Spark Packages features integrations with various data sources, management tools, higher level domain-specific libraries, machine learning algorithms, code samples, and other Spark content. Examples packages include Spark-CSV (which is now included in Spark 2.0) and Spark ML integration packages including GraphFrames and TensorFrames.
Spark SQL is one of the most technically involved components of Apache Spark. It powers both SQL queries and the DataFrame API. At the core of Spark SQL is the Catalyst optimizer, which leverages advanced programming language features (e.g. Scala’s pattern matching and quasiquotes) in a novel way to build an extensible query optimizer.
Catalyst is based on functional programming constructs in Scala and designed with these key two purposes:
- Easily add new optimization techniques and features to Spark SQL
- Enable external developers to extend the optimizer (e.g. adding data source specific rules, support for new data types, etc.)
As well, Catalyst supports both rule-based and cost-based optimization.
For more information, please refer to Deep Dive into Spark SQL’s Catalyst Optimizer and the webinar Apache Spark DataFrames: Simple and Fast Analysis of Structured Data.
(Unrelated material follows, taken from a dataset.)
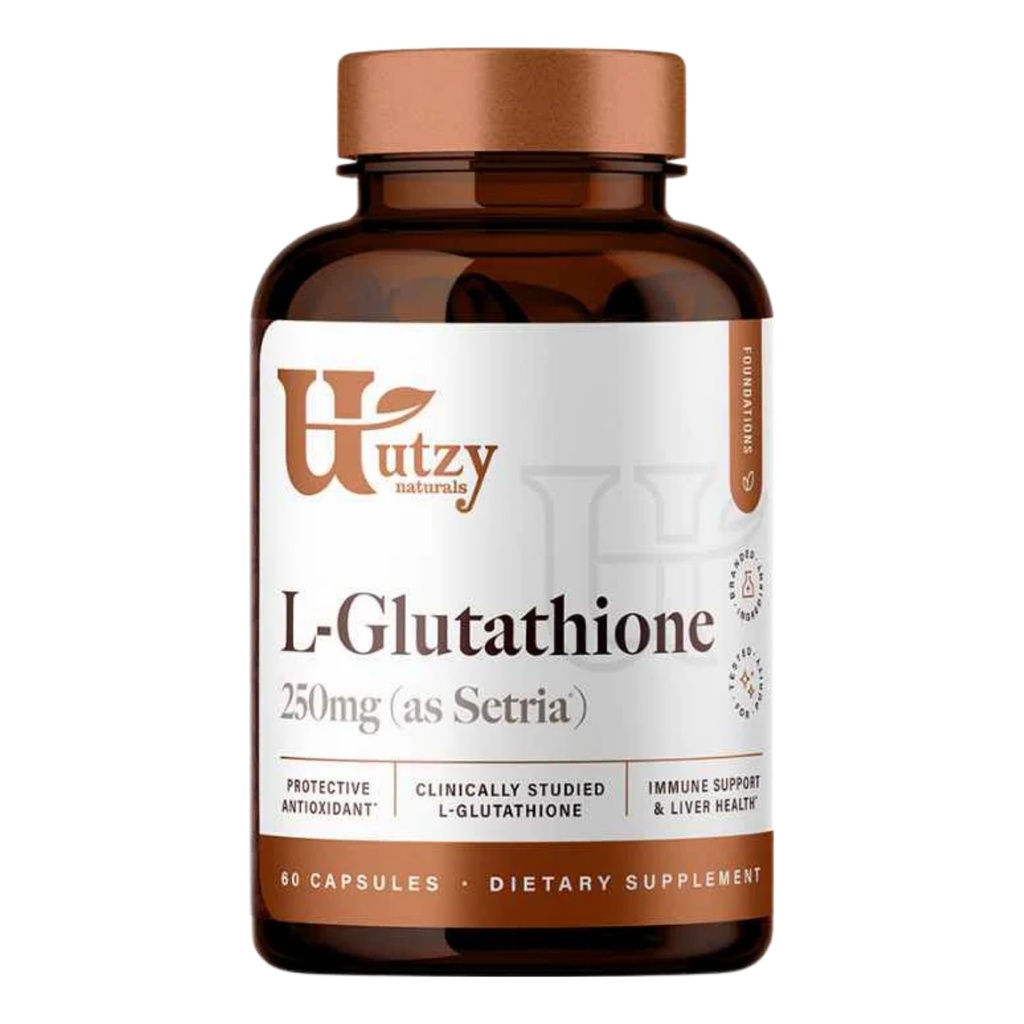Utzy Naturals L- Glutathione PHARMAD 124; Imunitate Health & Antioxidant Support PHARMAD 124; Setria ® 250mg Reduced Form Glutathione PHARMAD 124; High Absorption PHARMAD 124; Made in The USA PHARMAD 124; 60 Kapsle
Tungsten is the codename for the umbrella project to make changes to Apache Spark’s execution engine that focuses on substantially improving the efficiency of memory and CPU for Spark applications, to push performance closer to the limits of modern hardware. This effort includes the following initiatives:
- Memory Management and Binary Processing: leveraging application semantics to manage memory explicitly and eliminate the overhead of JVM object model and garbage collection
- Cache-aware computation: algorithms and data structures to exploit memory hierarchy
- Code generation: using code generation to exploit modern compilers and CPUs
- No virtual function dispatches: this reduces multiple CPU calls which can have a profound impact on performance when dispatching billions of times.
- Intermediate data in memory vs CPU registers: Tungsten Phase 2 places intermediate data into CPU registers. This is an order of magnitudes reduction in the number of cycles to obtain data from the CPU registers instead of from memory
- Loop unrolling and SIMD: Optimize Apache Spark’s execution engine to take advantage of modern compilers and CPUs’ ability to efficiently compile and execute simple for loops (as opposed to complex function call graphs).
For more information, please reference Project Tungsten: Bringing Apache Spark Closer to Bare Metal, Deep Dive into Spark SQL’s Catalyst Optimizer, and Apache Spark as a Compiler: Joining a Billion Rows per Second on a Laptop.
13. Continuous Applications
In Apache Spark 2.0 adding structure to Spark, through use of high-level DataFrames and Datasets APIs, accommodates a novel approach to look at real-time streaming. That is, look at streaming not as streaming but as either a static table of data (where you know all the data) or a continuous table of data (where new data is continuously arriving).
As such you can build end-to-end continuous applications, in which you can issue the same queries to batch as to real-time data, perform ETL, generate reports, update or track specific data in the stream. This combined batch & real-time query-capabilities to a structured stream is a unique offering—not many streaming engines offer it yet.